# Front end collision, upper radiator support damaged.



## MetalGTO (Jul 1, 2013)

I got backed into and have damage to the upper radiator support (as GM calls it) the diagram from GM says its bolted on, but after a quick look i see that its welded and spot welded on. I am just looking for suggestions or opinions on repairing this. My options are drilling/cutting it out and buying the $750 part and welding it back in, Buying the part and cutting/welding only the section that's damaged, or buying the part and paying a shop to do it all.


I was also wondering if this support is interchangeable with and other of the F body cars, for obvious reasons there arent many GTO's in the scrap yard but where i live camaros and Trans ams are plentiful.

I have also read that the impact bar is interchangeable from one out of a cavalier, just wondering if that is true or not

Thank you for any help or opinions


----------



## 68OldGoat (Nov 23, 2009)

I had the same problem with the upper radiator support from a minor front end bump on a guard rail. I bought the part and had it installed (welded & painted) in a body shop. The vin tag has to be changed to the new support and that needs to be riveted. 

I would suggest that this is the easiest way to get the part replaced. The OE part from GM Parts cost me $626.26 but that was almost 3 years ago ..... looks like the original parts prices are rising. There are plenty of GTO's at salvage yards but most of them have front end damage so the radiator support is harder to find used ... plus they have to cut the old welded part out. Buy OE and have the work done!


----------



## MetalGTO (Jul 1, 2013)

Thanks, i have been mulling it over and i agree that that is the best option, and you are right about the rising prices, i think its closer to 750 now. May i ask how much it cost you in labor to get it repaired?


----------



## Rukee (Feb 8, 2007)

Any chance you could pull or straighten the old one out?


----------



## MetalGTO (Jul 1, 2013)

I could, but the handle to unlatch the hood went through the support, so i would have to do some cutting/welding and then get it all lined up perfectly.

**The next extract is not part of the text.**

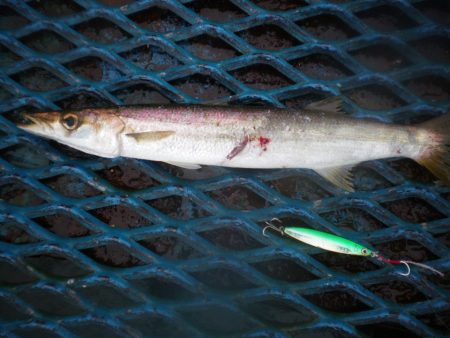 オリジナルメーカー海づり公園(市原市海づり施設) 釣果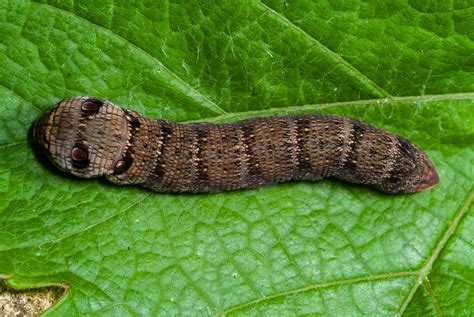 Elephant Hawk Moth Facts (Deilephila elpenor)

I dont care so much about the alignment of the hood latch because a CF hood which requires hood pins is $1000 less than a stock one, i do however care about the alignment of the front bumper cover that screws into the support.


----------



## 68OldGoat (Nov 23, 2009)

I had some other damage to the bumper cover and headlights. With me buying the parts, the body shop charged $1,500.00 to replace all the parts (including the radiator support) plus repaint the new parts and re-clear the whole front clip. You should be able to get just the support done for about $400-$500 or less.


----------